*** Block opens ***

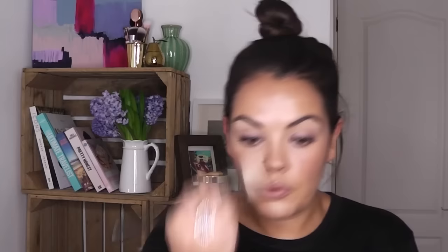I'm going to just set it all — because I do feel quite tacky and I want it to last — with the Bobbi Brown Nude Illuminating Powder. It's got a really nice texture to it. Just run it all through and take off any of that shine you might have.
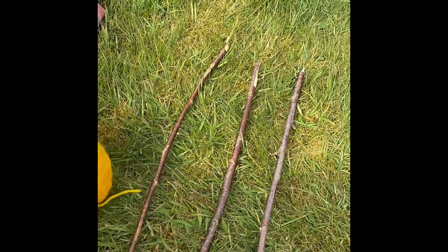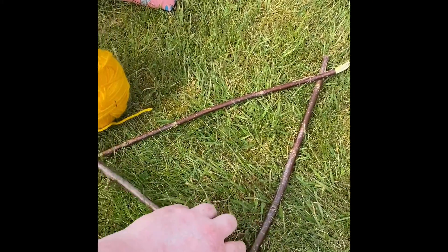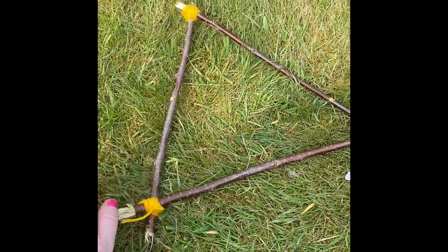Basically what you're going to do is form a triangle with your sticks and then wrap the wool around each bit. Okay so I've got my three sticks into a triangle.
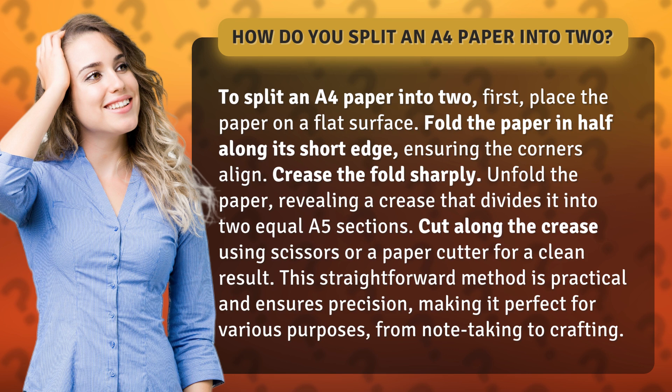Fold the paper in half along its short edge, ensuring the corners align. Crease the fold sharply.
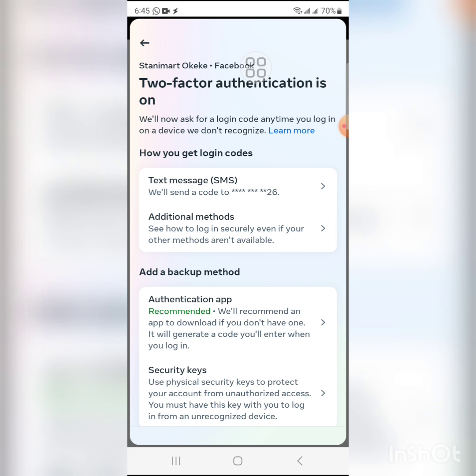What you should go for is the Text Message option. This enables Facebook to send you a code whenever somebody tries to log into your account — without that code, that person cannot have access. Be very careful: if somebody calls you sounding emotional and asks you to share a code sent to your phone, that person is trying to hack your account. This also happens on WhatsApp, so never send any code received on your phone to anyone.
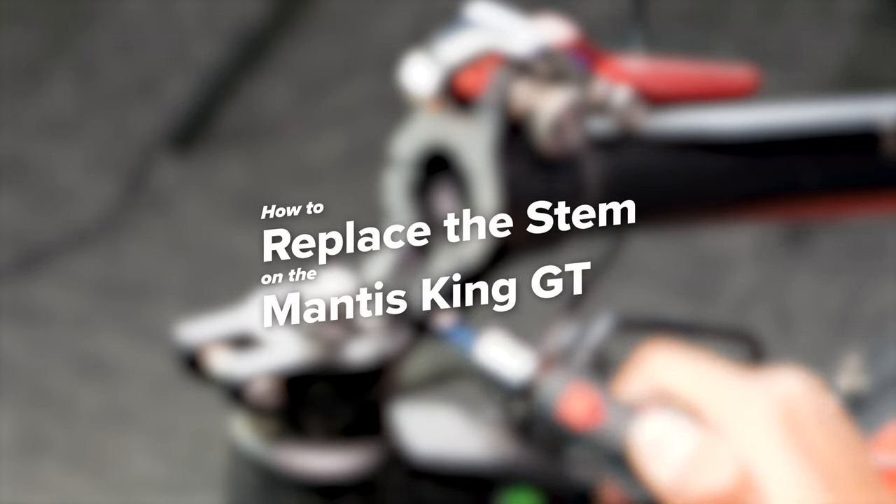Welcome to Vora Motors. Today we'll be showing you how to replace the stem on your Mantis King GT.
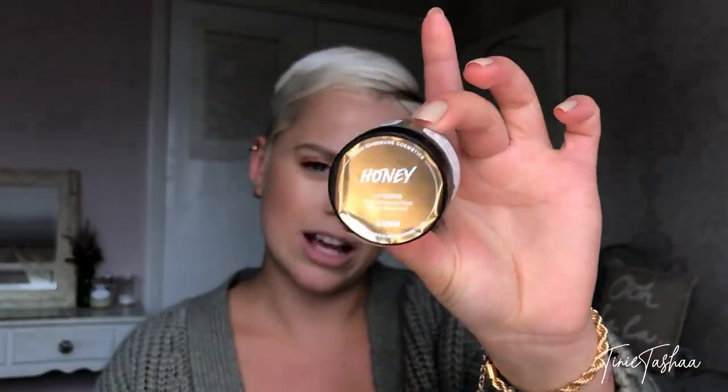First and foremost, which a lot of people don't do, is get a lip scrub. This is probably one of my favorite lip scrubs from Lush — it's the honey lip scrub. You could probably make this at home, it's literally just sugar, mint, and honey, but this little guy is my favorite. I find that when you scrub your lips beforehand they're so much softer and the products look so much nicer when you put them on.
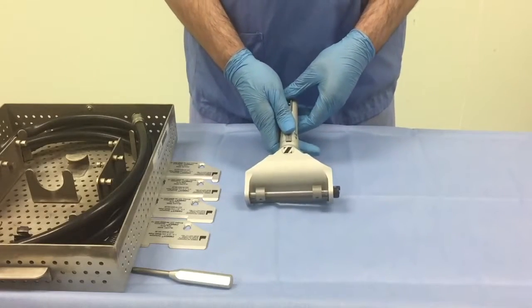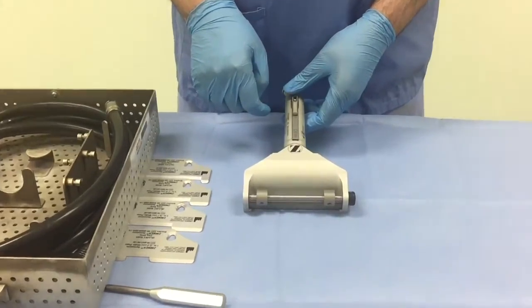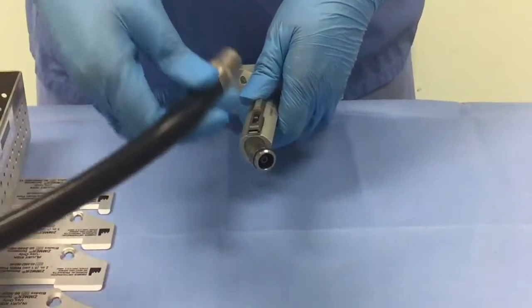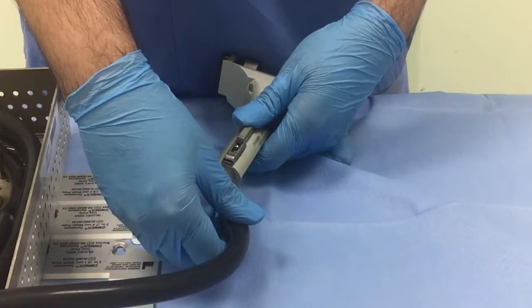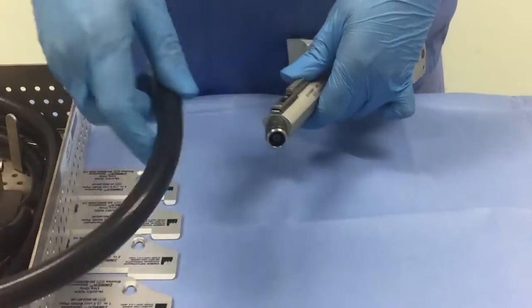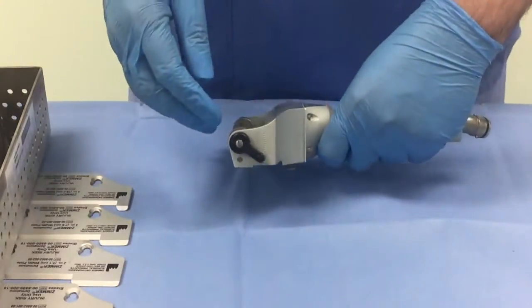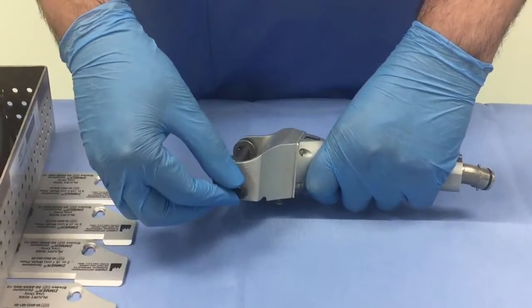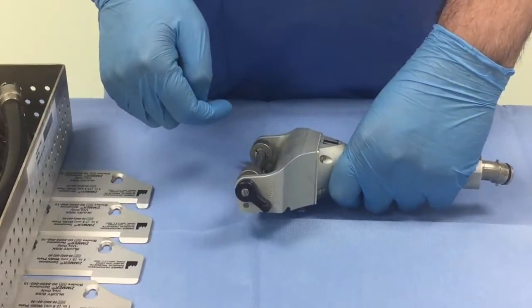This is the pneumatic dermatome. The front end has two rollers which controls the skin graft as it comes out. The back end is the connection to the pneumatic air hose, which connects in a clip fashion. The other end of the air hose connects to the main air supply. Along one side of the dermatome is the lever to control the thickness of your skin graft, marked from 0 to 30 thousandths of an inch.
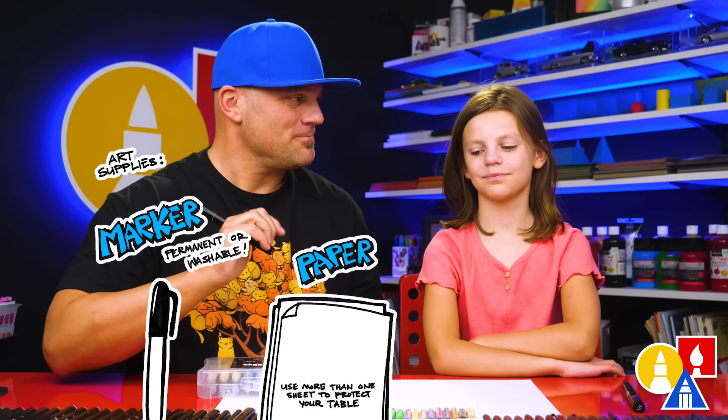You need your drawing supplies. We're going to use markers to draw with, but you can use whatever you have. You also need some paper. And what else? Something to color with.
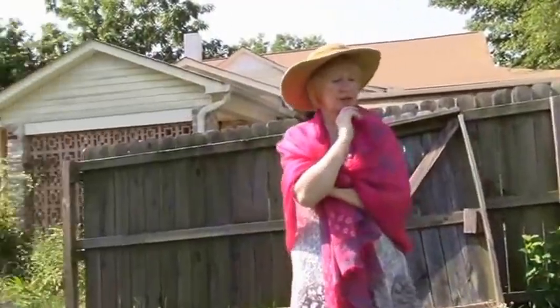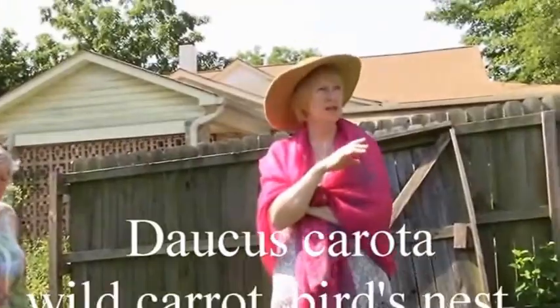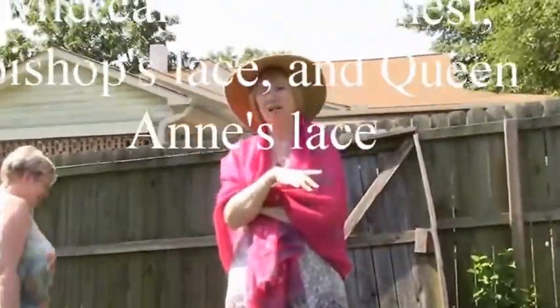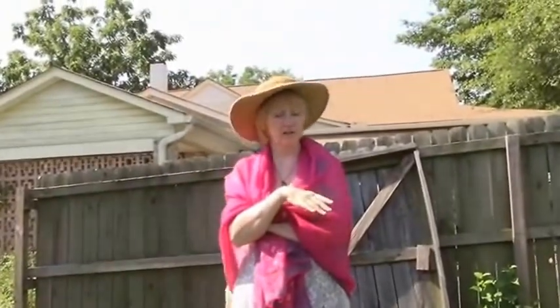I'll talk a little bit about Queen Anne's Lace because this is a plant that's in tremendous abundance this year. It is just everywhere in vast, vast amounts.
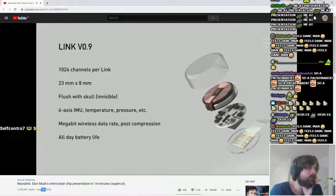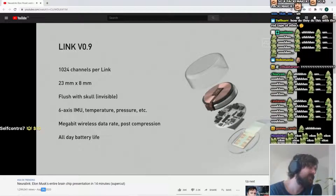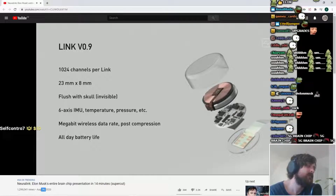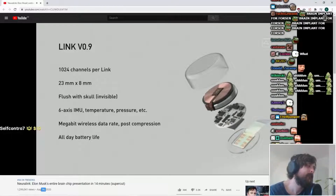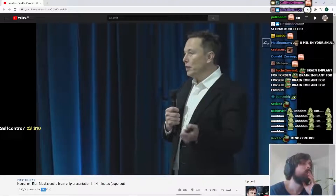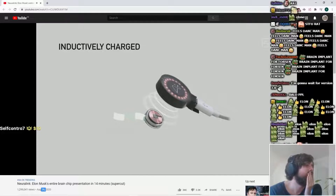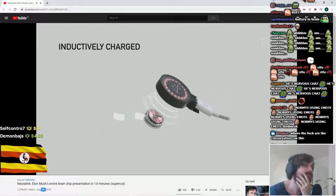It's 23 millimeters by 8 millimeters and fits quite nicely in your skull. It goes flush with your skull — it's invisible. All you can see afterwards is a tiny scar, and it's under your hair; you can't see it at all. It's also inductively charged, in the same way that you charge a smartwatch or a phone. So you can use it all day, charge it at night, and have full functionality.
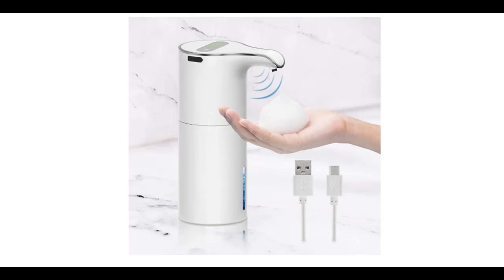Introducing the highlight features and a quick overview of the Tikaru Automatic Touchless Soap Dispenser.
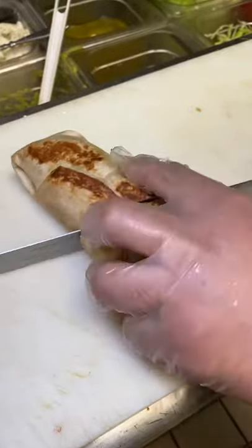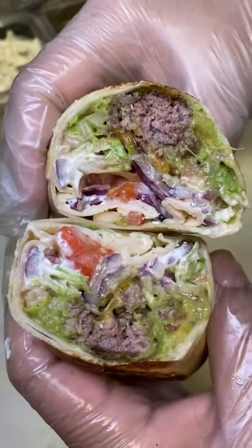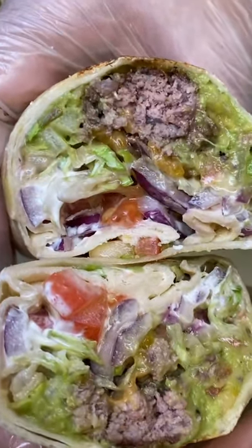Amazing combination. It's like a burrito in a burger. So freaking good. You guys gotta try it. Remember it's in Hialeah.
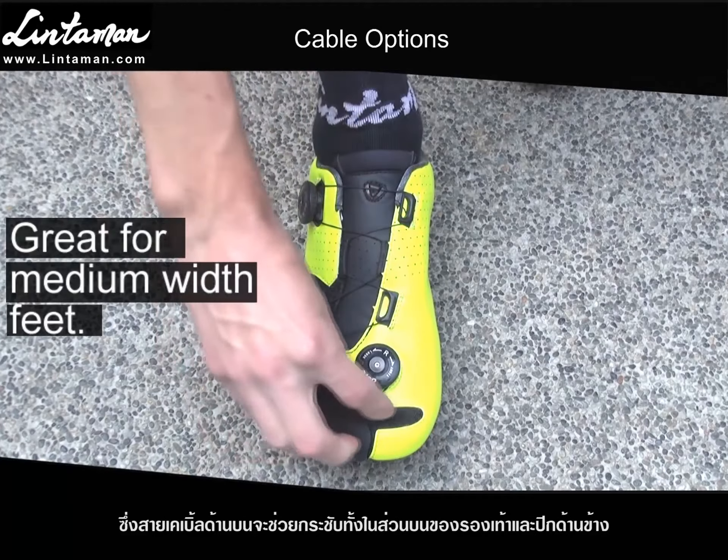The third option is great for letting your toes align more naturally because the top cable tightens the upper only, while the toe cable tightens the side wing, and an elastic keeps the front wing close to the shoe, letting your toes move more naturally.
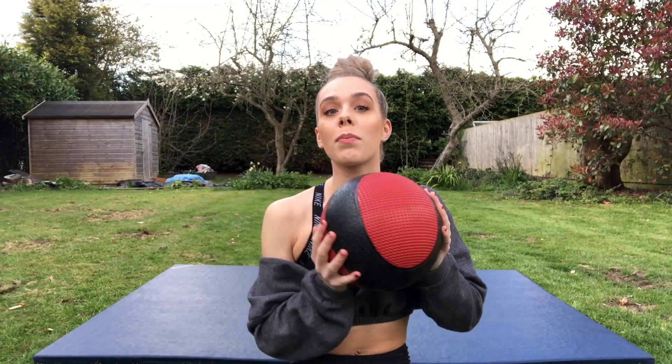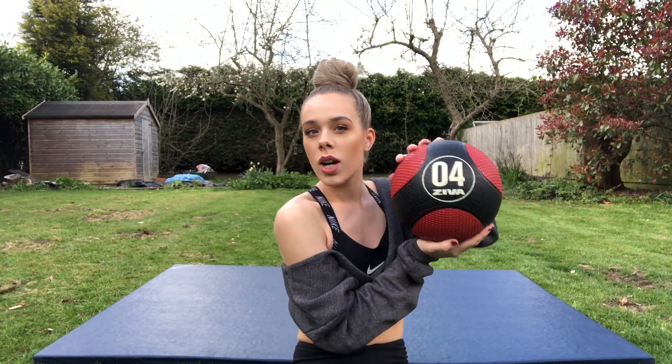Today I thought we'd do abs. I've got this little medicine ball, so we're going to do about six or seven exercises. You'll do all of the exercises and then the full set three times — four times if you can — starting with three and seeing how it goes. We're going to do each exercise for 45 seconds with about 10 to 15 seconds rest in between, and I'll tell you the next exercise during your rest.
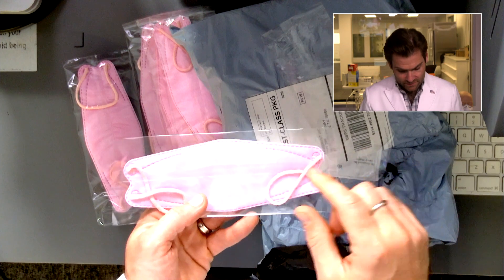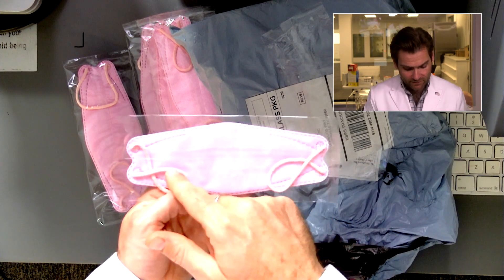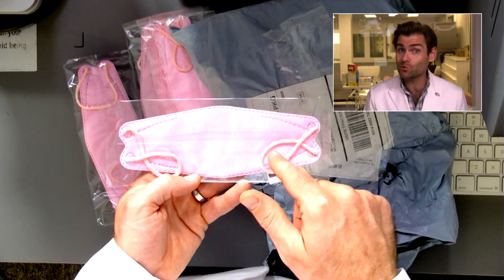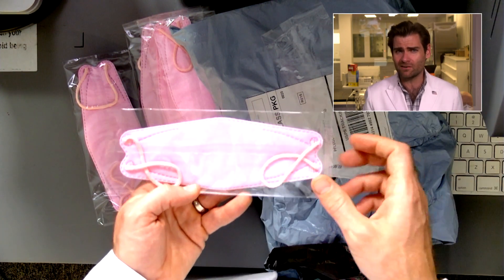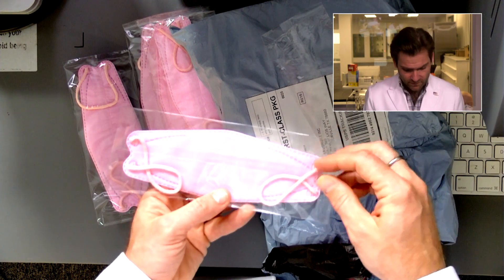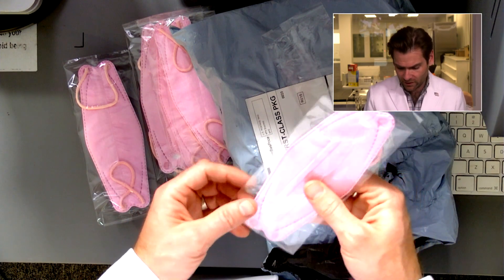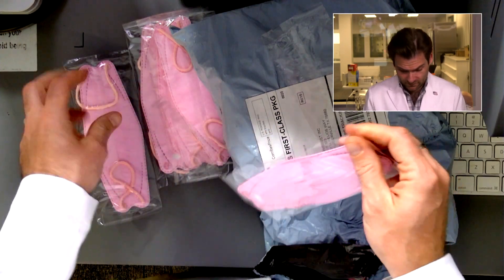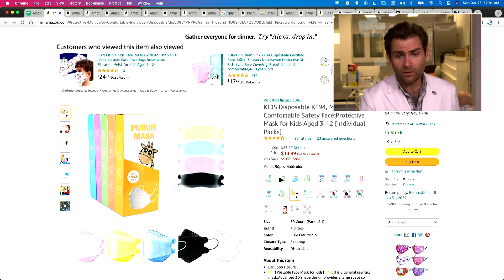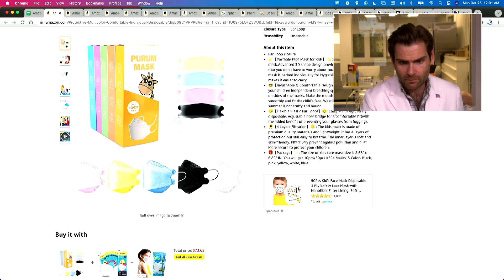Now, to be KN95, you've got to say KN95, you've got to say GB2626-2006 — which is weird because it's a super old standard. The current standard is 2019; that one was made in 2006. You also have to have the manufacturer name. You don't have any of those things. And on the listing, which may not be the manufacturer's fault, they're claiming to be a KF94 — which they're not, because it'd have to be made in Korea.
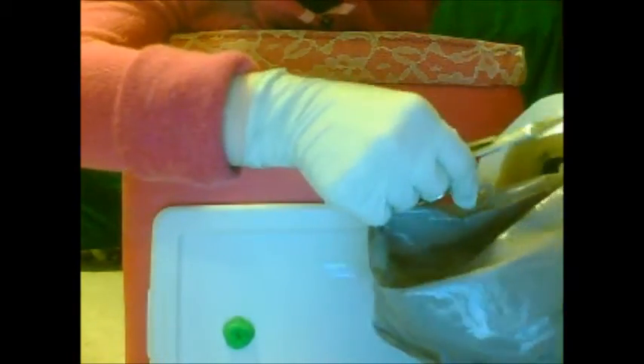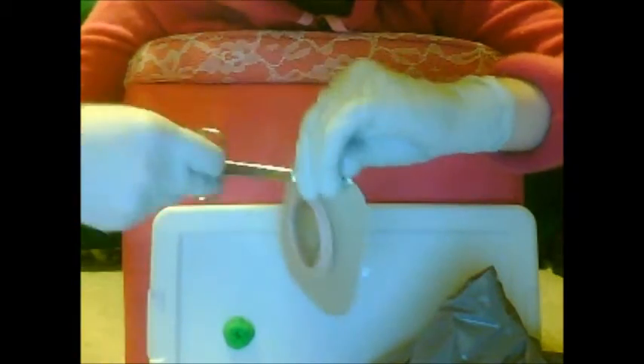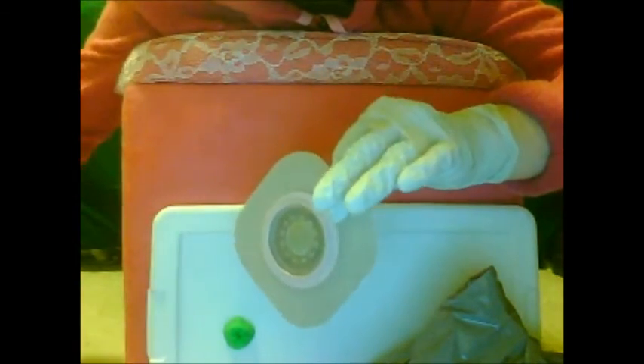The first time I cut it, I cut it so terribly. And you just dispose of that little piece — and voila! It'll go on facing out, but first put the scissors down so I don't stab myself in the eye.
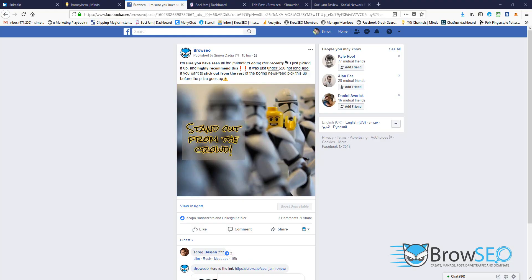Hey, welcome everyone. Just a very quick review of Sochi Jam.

*** Block closes ***

Exercise details —
What is needed is a word-for-word copy of the lines from the one containing "The first time" through the final line of the records above, both included, with the pictures left out.

Solution to this exercise —
The first time I cut it, I cut it so terribly. And you just dispose of that little piece — and voila! It'll go on facing out, but first put the scissors down so I don't stab myself in the eye.
Hey, welcome everyone. Just a very quick review of Sochi Jam.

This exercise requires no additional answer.